» **Work to be completed**
Each line of the listing below must be retyped as given.
##### Data provided #####
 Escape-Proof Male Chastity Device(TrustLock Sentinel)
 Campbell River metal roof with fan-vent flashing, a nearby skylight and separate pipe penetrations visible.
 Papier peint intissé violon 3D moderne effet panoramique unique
#####
» **Response below**
 Escape-Proof Male Chastity Device(TrustLock Sentinel)
 Campbell River metal roof with fan-vent flashing, a nearby skylight and separate pipe penetrations visible.
 Papier peint intissé violon 3D moderne effet panoramique unique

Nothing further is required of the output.